A 1ª Turma do Supremo Tribunal Federal decidiu, de ofício, trancar ação penal contra o ex-presidente da Ordem dos Advogados do Brasil da subseção em Altamira (PA), Otacílio Lino Júnior, por considerar que não houve atipicidade de sua conduta. O advogado era acusado de patrocínio infiel após recomendar a dois corréus em um processo que ficassem em silêncio, beneficiando outros réus da ação — que eram seus clientes. Em seu voto, o ministro relator Marco Aurélio explicou que em nenhum momento o advogado foi credenciado pelos dois réus, portanto não seria possível concluir pelo patrocínio infiel.

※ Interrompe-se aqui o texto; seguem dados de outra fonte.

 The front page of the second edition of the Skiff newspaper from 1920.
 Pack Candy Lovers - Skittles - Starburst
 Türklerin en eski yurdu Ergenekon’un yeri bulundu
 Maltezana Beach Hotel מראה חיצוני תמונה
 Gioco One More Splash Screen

De acordo com a denúncia feita pelo Ministério Público Federal, Lino Junior teria atuado como advogado de defesa de três dos cinco acusados em um crime ambiental. Segundo os autos, o advogado teria orientado os dois réus não defendidos por ele de modo a favorecer os outros três. Além da denúncia de patrocínio infiel (artigo 355 do Código Penal), Lino Junior foi acusado de corrupção de testemunha ou perito (artigo 343 do CP).

Seguindo o voto do relator, a Turma julgou extinta a ordem de Habeas Corpus por inadequação processual e, de ofício, decidiu pelo trancamento da ação penal. Em 2011, o ministro Marco Aurélio já havia concedido liminar para suspender a ação penal até que o mérito do pedido fosse analisado.

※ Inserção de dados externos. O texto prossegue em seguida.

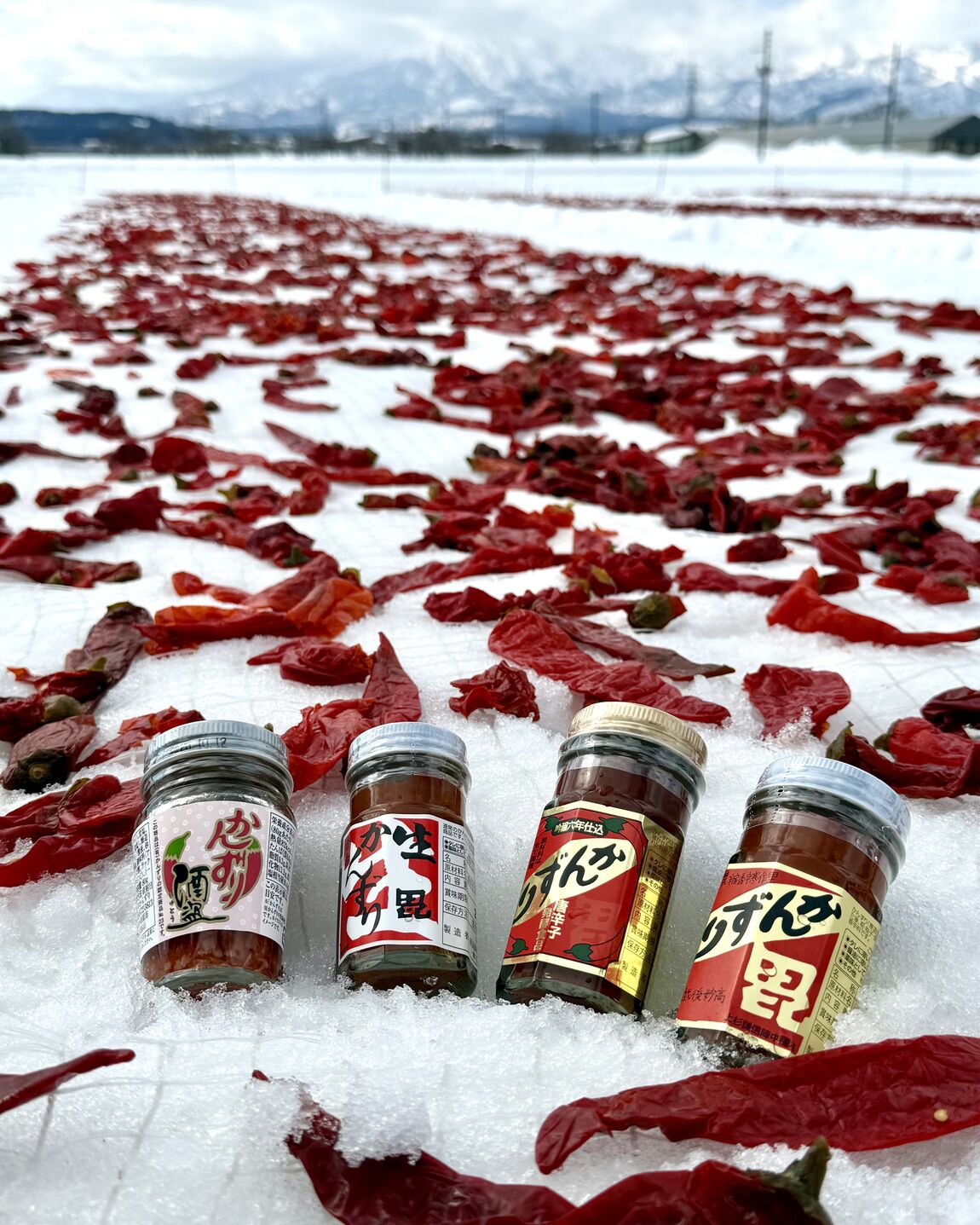 かんずり雪さらし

A denúncia foi aceita em primeiro grau. Em recurso ao Tribunal Regional Federal da 1ª Região, o advogado Alberto Zacharias Toron, que promoveu a defesa de Lino Júnior em nome do Conselho Federal da OAB, alegou que o advogado nunca defendeu aqueles que, segundo o juiz de primeira instância, teriam sido prejudicados — o que é imprescindível para tipificação do crime. Toron também argumentou que mesmo que Lino Júnior fosse advogados dos réus, ele teria somente orientado os réus a permanecerem em silêncio, o que lhes era de direito e, em muito casos, constitui estratégia de defesa. Por maioria, o TRF-1 trancou a ação penal quanto ao crime de corrupção de testemunha, mas não a ação quanto a acusação de patrocínio infiel.

Contra a decisão, foi impetrado novo Habeas Corpus no Superior Tribunal de Justiça, que por maioria manteve a ação penal. A 5ª Turma do STJ concluiu que o trancamento da ação penal mostra-se excepcional, somente sendo admissível quando patente no processo, de forma inequívoca, a inocência do acusado, a atipicidade da conduta ou a extinção da punibilidade, hipóteses não evidenciadas.

No Supremo Tribunal Federal, o advogado Toron apresentou novo Habeas Corpus, reforçando sua argumentação.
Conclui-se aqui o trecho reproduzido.